As wedding season approaches, I wanted to offer a new perspective on the Wedding Ritual.
Many rituals in Judaism are designed to re-enact Jewish history and to bring people into a direct and living experience of the past. It’s through the process of re-enactment that gives people a living experience of an historical event and enables them to create and find their own personal meaning in the process.
Passover is a re-enactment of the Exodus from Slavery to Freedom. Shabbat is a re-enactment of the 7th Day of Creation. The Jewish Wedding is a re-enactment of the entire Seven Day period of Creation – the Jewish master story of how the World came into being.
Think about the symbols of the Wedding ceremony. The traditional ceremony begins with the bride circling the groom seven times. Saying the words of Shehechiyanu and making a Kiddush blessing for wine as the next act, sanctifies the element of time. Next is time to exchange the rings – the act of consecrating the unity of the lovers bond. What was once dual, is now one.
Now come the sheva brachot, seven wedding blessings, a reminder of the seven days of creation. Finally, the breaking of the glass which has a myriad of meanings. The mystical interpretation of the breaking of the glass symbolizes the shards of light that went forth at the moment of creation from the Ain Sof as matter that would fill the universe.
All this happens under a chuppah, which symbolizes the idea of home, but even more, the new and unique home of these lovers which they will create together.

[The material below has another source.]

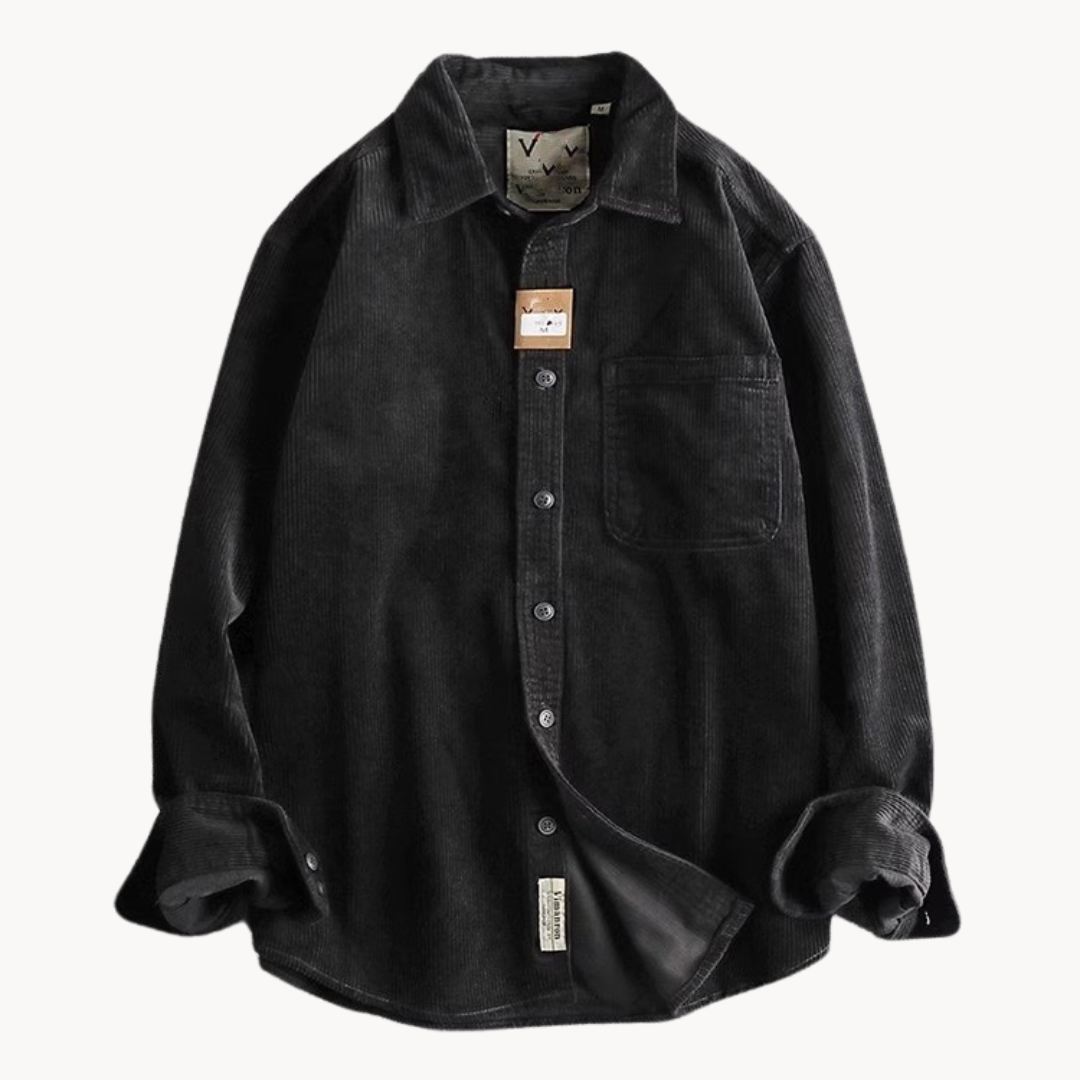Stack of folded men's casual corduroy shirts in various colors, showcasing fabric texture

Taken together, these individual rituals come to represent the creation of a new world and the wedding ceremony becomes the re-enactment of creation. Seven circles, seven wedding blessings, the breaking of the glass, these symbols parallel the biblical story of Creation which lasted seven days. Who knows what new world will emerge forth from what this couple will create? Family, children, goodness, discovery, healing, and more. Every new world is an opportunity to create something unique and special and whole. By re-enacting Creation, time and again at Jewish weddings, the world gets one step closer to perfection.